- Born: Teddi Jo Mellencamp July 1, 1981 (age 45) Bloomington, Indiana, U.S.
- Citizenship: United States
- Occupation: Television personality • actress • podcast host • accountability coach
- Years active: 1992–present
- Television: The Real Housewives of Beverly Hills
- Spouses: ; Matt Robertson ​ ​(m. 2006; div. 2010)​ ; Edwin Arroyave ​ ​(m. 2011; sep. 2024)​
- Children: 3
- Parents: John Mellencamp (father); Victoria Granucci (mother);

= Teddi Mellencamp Arroyave =

American television personality

Teddi Jo Mellencamp Arroyave (born July 1, 1981) is an American television personality, actress and podcast host who appeared as a main cast member on three seasons of Bravo's reality series The Real Housewives of Beverly Hills (2017–2020).
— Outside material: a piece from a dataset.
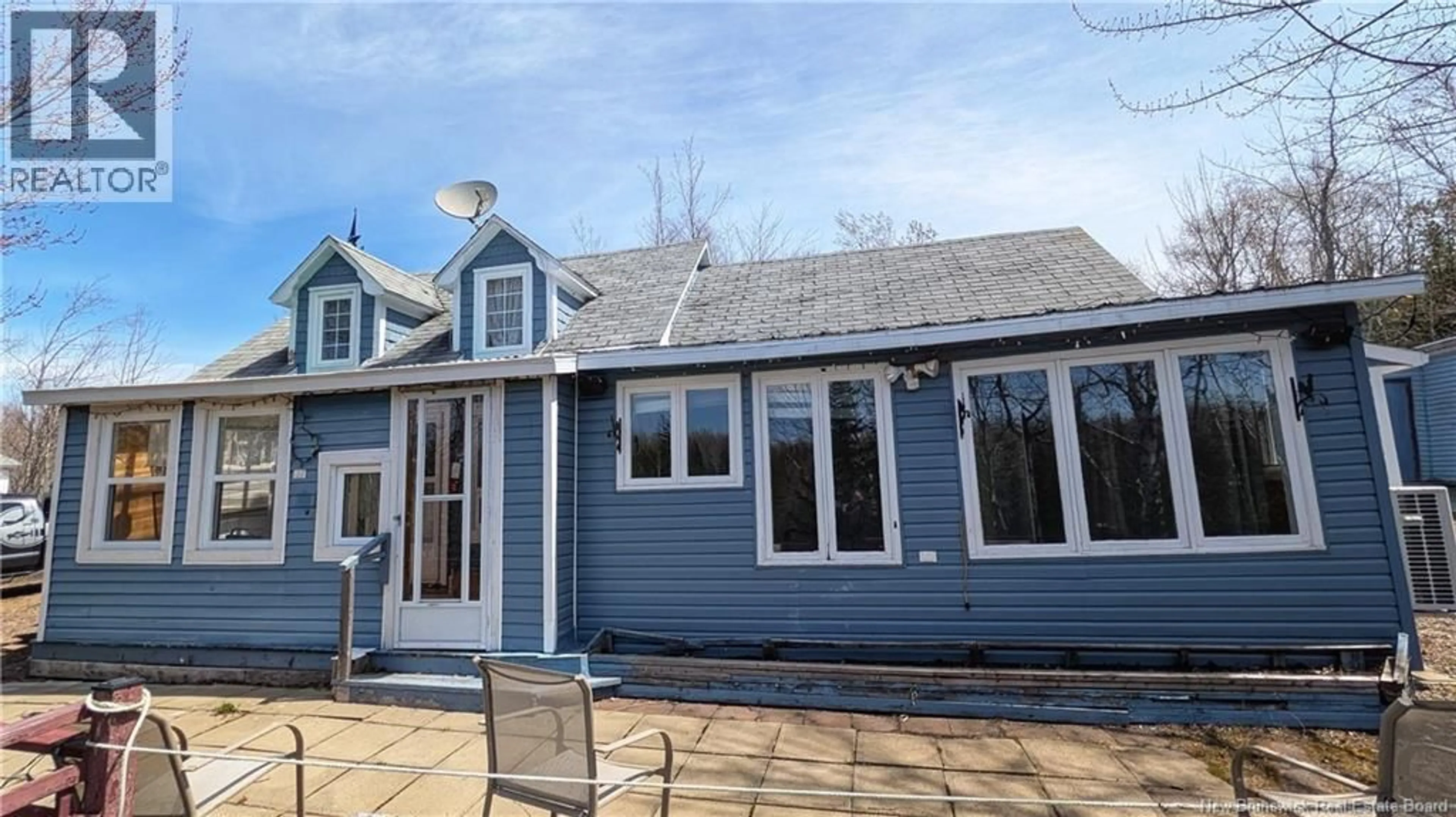 Home with vinyl exterior material, street for 5 CHEM. DU BOOM, Bertrand New Brunswick E1W1M5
She is the daughter of singer-songwriter John Mellencamp.

==Career==
In addition to formerly starring on The Real Housewives of Beverly Hills, Mellencamp is the founder and owner of "All In by Teddi", a lifestyle and fitness company. The company's program has attracted criticism for its lack of transparency and medical supervision, untrained health coaches, and extreme weight loss methods.
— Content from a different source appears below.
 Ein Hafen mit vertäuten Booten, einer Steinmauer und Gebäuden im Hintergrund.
One of the key criticisms is that the program and menu are the same for everyone who signs up, with a strict meal plan that reportedly involves consuming fewer than 700 calories per day. Subscribers' failure to adhere to the plan, as well as evidence of weight gain, results in immediate dismissal from the program without the chance of a refund (with few exceptions).

Mellencamp co-hosts a weekly Bravo-centric podcast titled Two T's in a Pod with fellow reality television personality Tamra Judge; the current podcast evolved from Teddi Tea Pod, which covered trends, entertainment, family life and current events. In 2022, Mellencamp was the first houseguest to be evicted on the third season of Celebrity Big Brother. On November 29, 2023, she worked as a special correspondent for Extra interviewing guests at "DirecTV Celebrates Christmas at Kathy's" event.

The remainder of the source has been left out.